Excerpts from a dataset
┌──

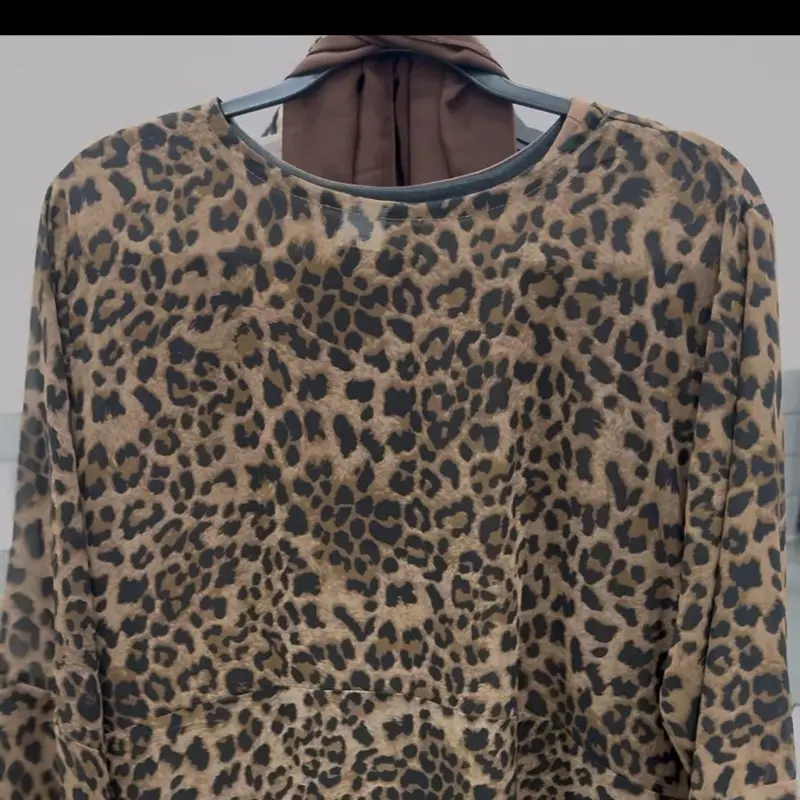 forever 21 leopard t shirt dress Forever 21 Girls Stretch Leopard Print Dress. Size 11/12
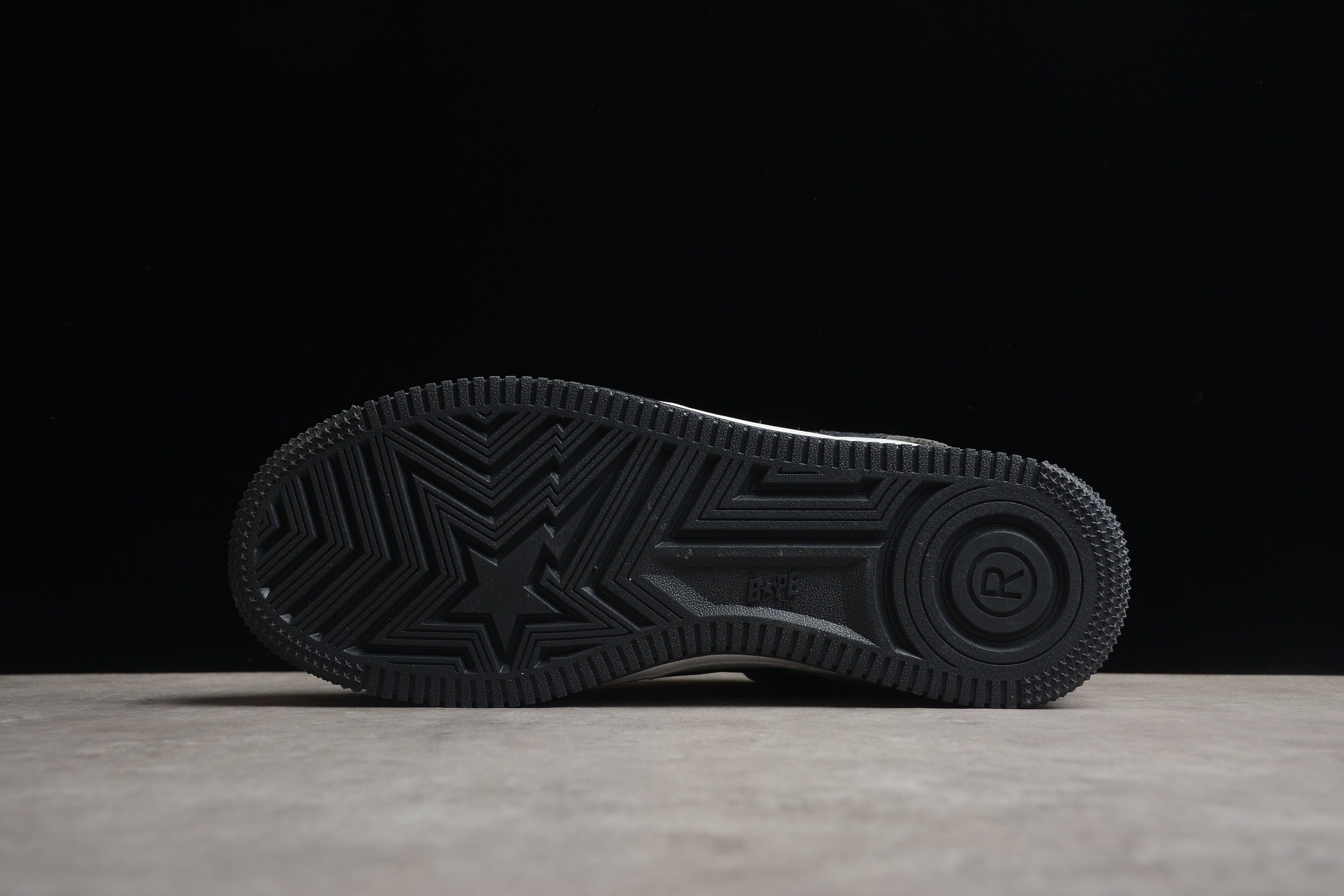 BAPE STA – Negro / Blanco Serpiente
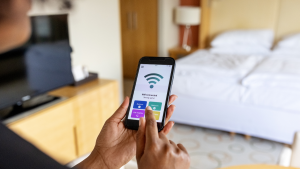 ¿Es mejor usar Wi-Fi en el celular o datos móviles? La IA comparó velocidad, costos y más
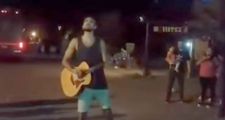 Abel Pintos cantó en la calle para sus fans tras un show suspendido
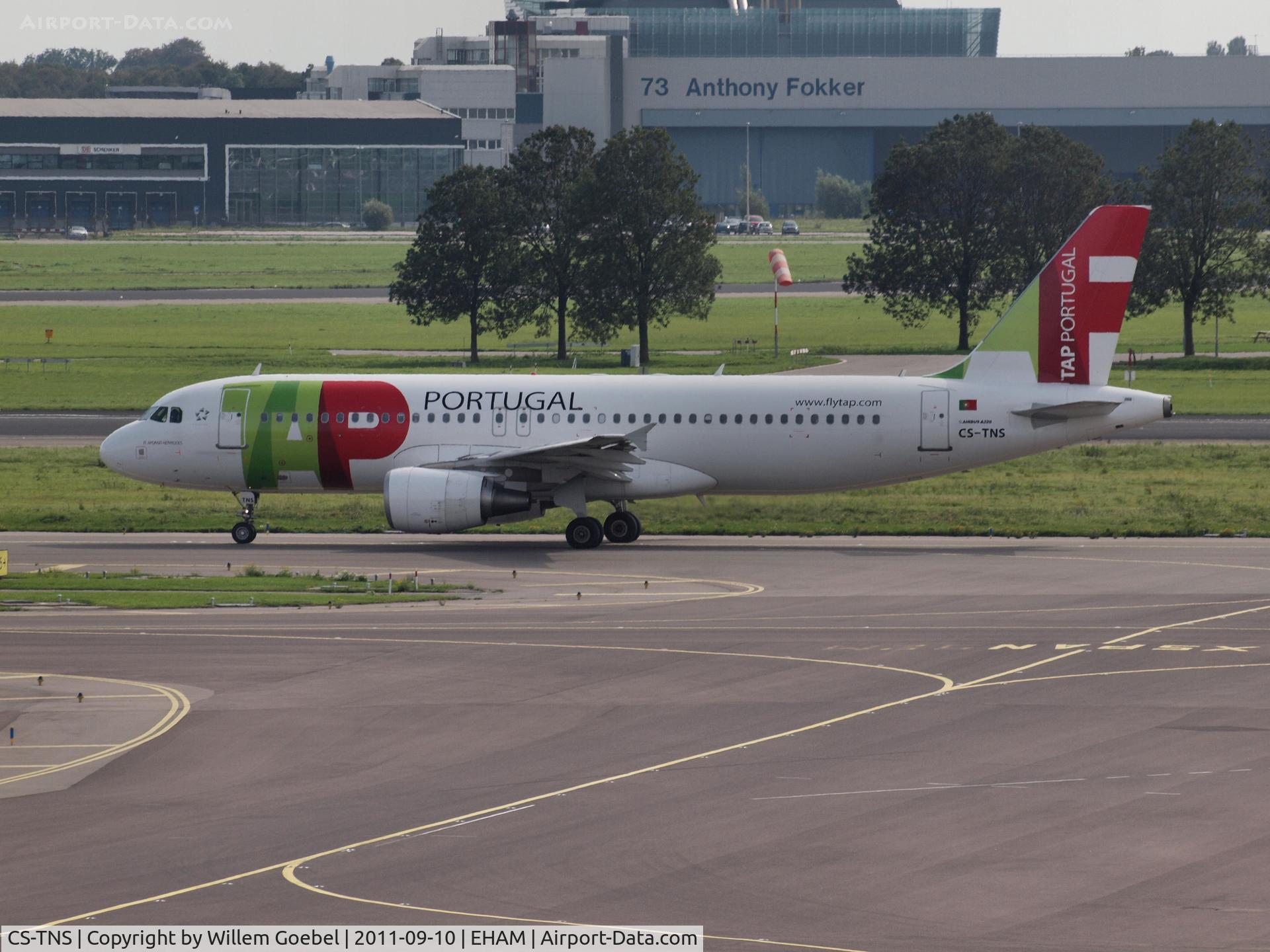 CS-TNS, 2009 Airbus A320-214 C/N 4021, Taxi to the runway of 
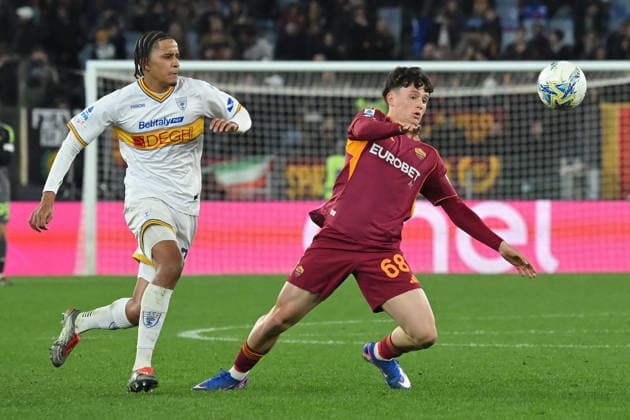 CALCIO - Serie A - AS Roma vs US Lecce Oumar Ngom of Lecce.Antonio Arena of AS Roma during the serie A Enilive match between AS Roma v Lecce at olimpico stadium in Rome, Italy, Mar 22nd, 2026 Mattia Vian Roma Italy  Copyright: xIPAxSport ABACAx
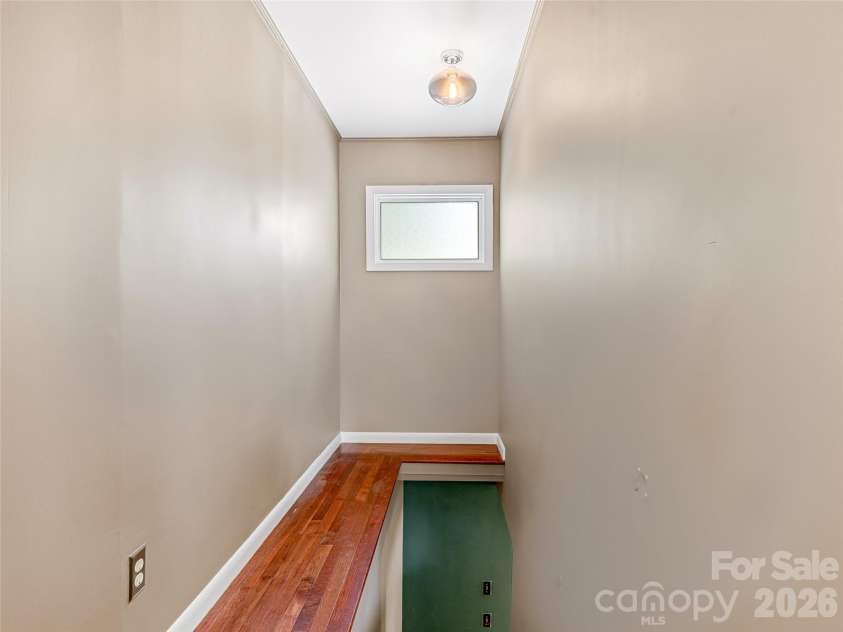 44 Broadview Avenue, Asheville, NC 28803.  MLS# CAR4369387, YatesRealty ID 28438. 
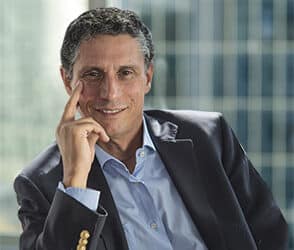 León Guzmán, experto en transformación desde la neurociencia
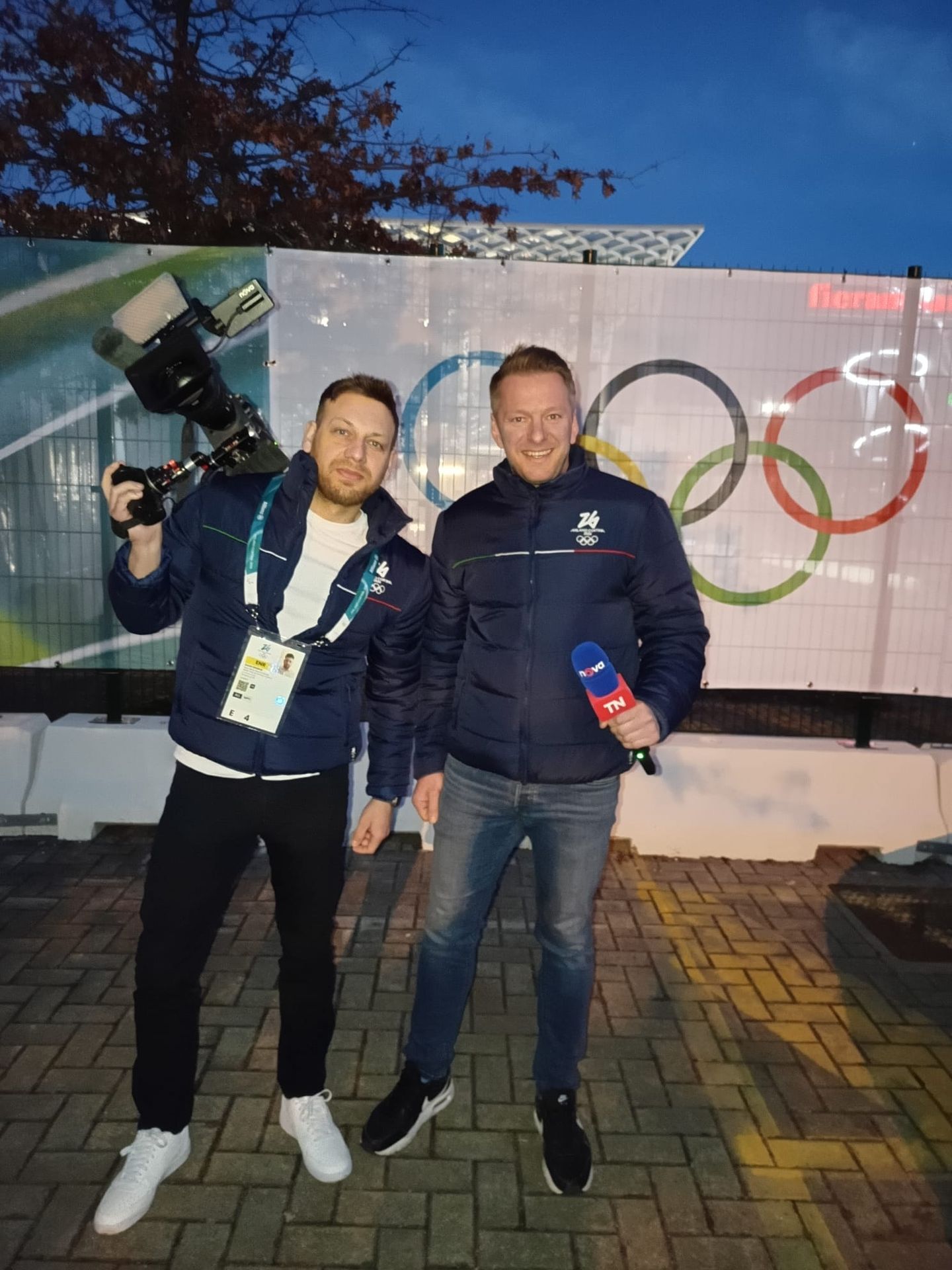 Štěpán Sokol a kameraman David Ondruš - Reportér Štěpán Sokol na ZOH 2026 (4/4)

└──

Problem to work on. The output is the stretch above from the line with "BAPE STA – Negro / Blanco Serpiente" through the line with "CS-TNS, 2009 Airbus", copied word for word with both ends kept and every picture dropped.

Expected answer.
 BAPE STA – Negro / Blanco Serpiente
 ¿Es mejor usar Wi-Fi en el celular o datos móviles? La IA comparó velocidad, costos y más
 Abel Pintos cantó en la calle para sus fans tras un show suspendido
 CS-TNS, 2009 Airbus A320-214 C/N 4021, Taxi to the runway of 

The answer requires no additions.